In the past, I never took photos on my trips to far-away lands. Not in Japan, not in Ghana, not in Barbados, Trinidad, Jamaica, Argentina, anywhere in Europe, nowhere. Partly because I always felt that tourists spent way too much time figuring out how to get the best photos and not enough time looking at things. Partly probably because it used to be rather cumbersome to take photos. You had to buy film, for one. You had to buy the right kind of film. Then you had to develop the film, upon which you'd find that many of the photos were not really worth developing. You kept them, of course, but the whole tedious and expensive process had a strongly deterrent effect.
Not so anymore. Now you can snap one hundred photos and be happy with ten of them and not have wasted anything at all. Yes, digital photography has made everyone into a photographer. Well, perhaps only to the extent that the internet has turned everyone into a writer (ahem). You don't even need a camera, though I have one, because I have yet to join the i-phone craze. Perhaps another day, but for now I still have a "dumb phone" and take pictures on a smart camera, Nikon Coolpix, which honestly was one of the best investments I ever made. I had to bring it with me to New Zealand, because everything in this place is stunningly beautiful, and it's so far-flung that nearly no one is going to come here to visit me. Hard to believe, but it's not overhyped!
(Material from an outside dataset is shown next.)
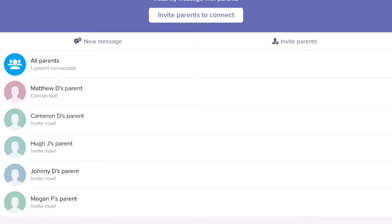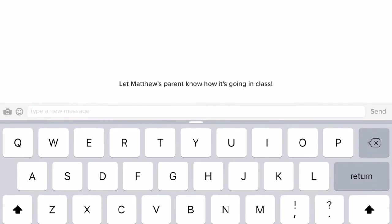Once I tap on that I can see all the parents that are connected to my class. It looks like Matthew Damon's parents are connected, so I'm going to tap on them and I can let Matthew's parents know how things are going in class. I can say that they're doing great, or remind them of a field trip coming up the following week. You could also add emojis or add a picture from your camera roll or camera and send it to a parent.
I was a bit daunted by the prospect of doing this, until some kind soul introduced me to Pixelresizer software. What a relief to be able to diminish file sizes by folders instead of one image at a time! So here I am organizing my ever-expanding collection of photographs on Flickr, and I found these entries in the Soap series:
So, yes, it can be truthfully said that I like soap!
Look carefully at the next image, and you'll see the bars I brought with me! Yeah, I know...
My only real defense is that I'll be here for eight months!